Pemerintah AS diketahui pada Senin (14/4) mengumumkan bakal membekukan biaya hibah lebih dari USD 2,2 miliar dan USD 60 juta dalam corak perjanjian dengan Harvard usai universitas itu dinilai melanggar norma lantaran menoleransi anti-Semitisme mengenai aktivisme kampus terhadap rumor Palestina.
Dilansir Reuters, Rabu (16/4/2025), pemerintahan Trump telah menegur sejumlah universitas di seluruh negeri atas penanganan terhadap aktivitas protes mahasiswa pro-Palestina. Teguran itu dimulai dari Universitas Columbia, sekarang Harvard pun kena tegur.
Trump menuding protes tersebut anti-Amerika dan antisemit, menuduh universitas-universitas menyebarkan Marxisme dan ideologi "kiri radikal", dan menyebut bakal mengakhiri hibah dan perjanjian federal kepada universitas-universitas nan tidak menyetujui tuntutan pemerintahannya.
Trump mengatakan dalam sebuah unggahan di media sosial pada Selasa (15/4) bahwa dia sedang mempertimbangkan untuk mengakhiri status bebas pajak Harvard jika terus mendorong apa nan disebutnya "bersifat politis, ideologis, dan terinspirasi/mendukung teroris"
Trump tidak merincikan teknis kebijakan itu. Berdasarkan Undang-Undang Pajak di AS, sebagian besar universitas dibebaskan dari pajak penghasilan federal lantaran dianggap "dioperasikan secara eksklusif" untuk tujuan pendidikan publik.
Trump Ingin Harvard Minta Maaf
Sekretaris pers Gedung Putih Karoline Leavitt mengatakan Trump mau Harvard meminta maaf atas apa nan disebutnya "antisemitisme nan terjadi di kampus mereka terhadap mahasiswa Yahudi Amerika."
Ia menuduh Harvard dan sekolah-sekolah lain melanggar Judul VI Undang-Undang Hak Sipil, nan melarang diskriminasi oleh penerima biaya federal berasas ras alias asal negara.
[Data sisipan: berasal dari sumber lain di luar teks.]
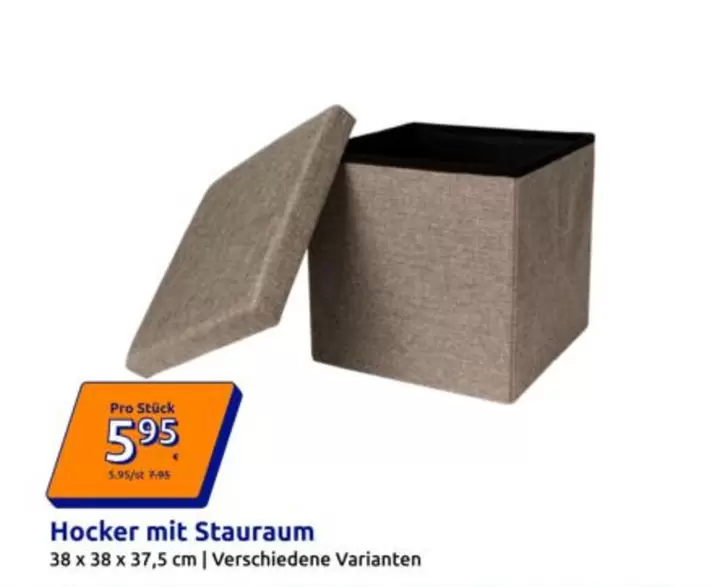 Hocker mit Stauraum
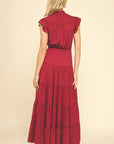 Fall Red Maxi Dress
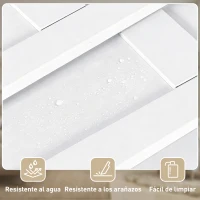 HOMCOM Puerta Corredera Plegable con Herrajes 91,4x213,4 cm con Rodillo Riel de Acero Guía de Suelo Manija Blanco(m-6)
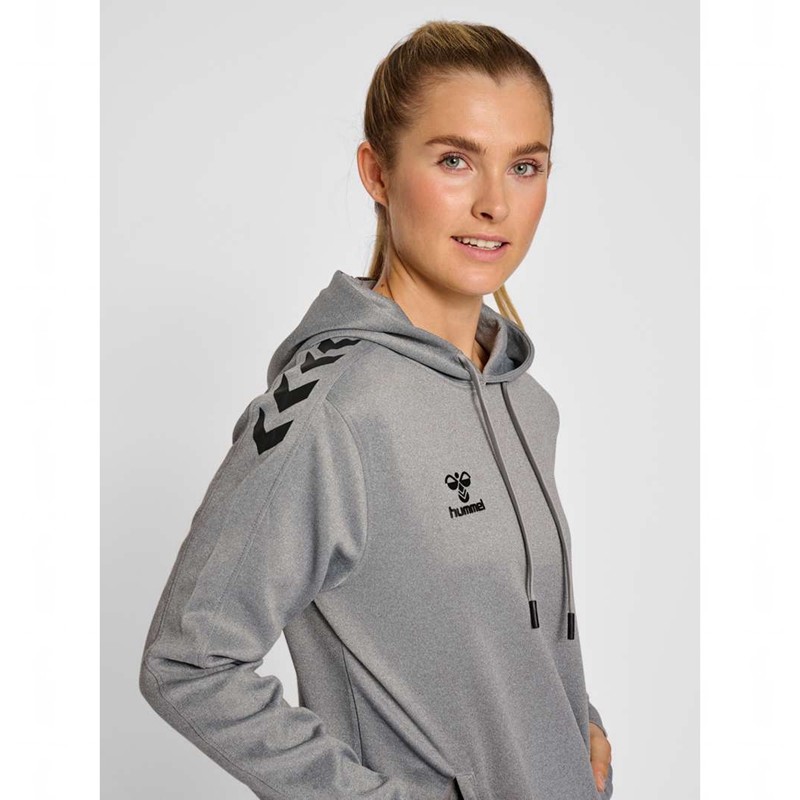 Hummel Core Xk Poly Sweat Hettegenser Dame Grå | 723704-063
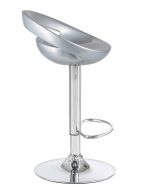 Набор 2 шт Стул барный DOBRIN DISCO, серебряный — изображение 4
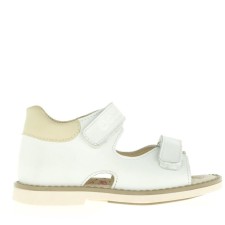 Baby sandals, size 24, white color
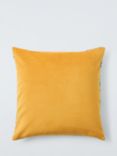Morris & Co. Golden Lily Velvet Cushion, Ink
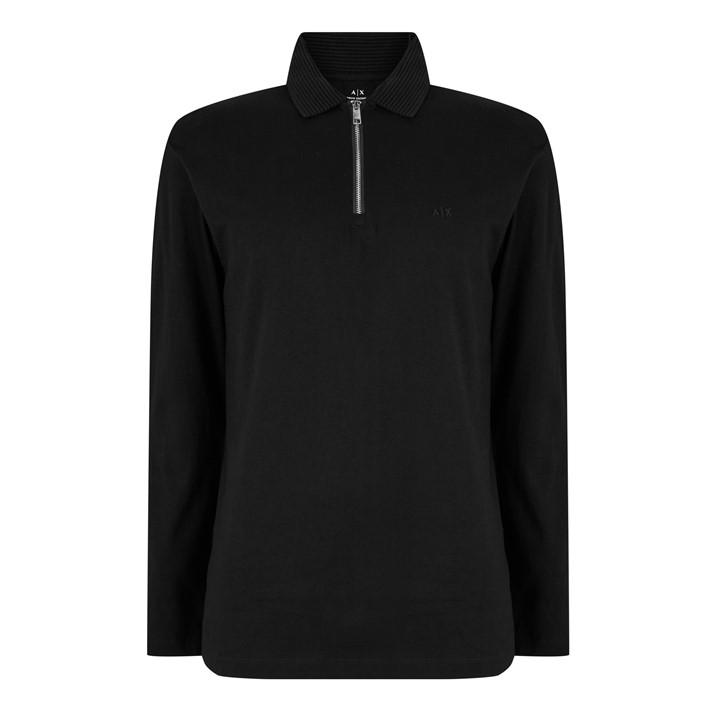Armani Exchange Men's Black Polo Shirt 2XL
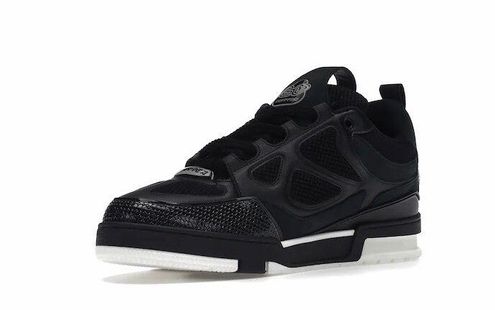 Louis Vuitton LV Skate Sneaker Black White — Kick Game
Berdasarkan Judul VI, biaya federal dapat dihentikan hanya setelah proses investigasi dan dengar pendapat nan panjang serta pemberitahuan 30 hari kepada Kongres, nan belum terjadi di Columbia alias Harvard. Beberapa guru besar dan mahasiswa mengatakan protes tersebut secara tidak setara disamakan dengan antisemitisme sebagai dalih untuk serangan inkonstitusional terhadap kebebasan akademis.
Columbia, sebuah sekolah swasta di New York, setuju untuk bermusyawarah atas tuntutan untuk memperketat patokan protesnya setelah pemerintahan Trump mengatakan bulan lampau telah menghentikan hibah dan perjanjian senilai USD 400 juta, sebagian besar untuk penelitian medis dan ilmiah lainnya.
Presiden Harvard Alan Garber dalam sebuah surat pada hari Senin waktu setempat mengatakan tuntutan nan diajukan pemerintahan Trump terhadap universitas termasuk audit untuk memastikan "keberagaman perspektif pandang" mahasiswa dan fakultasnya dan mengakhiri program keberagaman, kesetaraan, dan inklusi, merupakan "penegasan kekuasaan nan belum pernah terjadi sebelumnya, nan tidak terikat oleh hukum" nan melanggar kebebasan berbincang konstitusional dan Undang-Undang Hak Sipil.
Seperti Columbia, dia mengatakan Harvard telah berupaya untuk melawan antisemitisme dan prasangka lainnya di kampusnya sembari menjaga kebebasan akademis dan kewenangan untuk melakukan protes.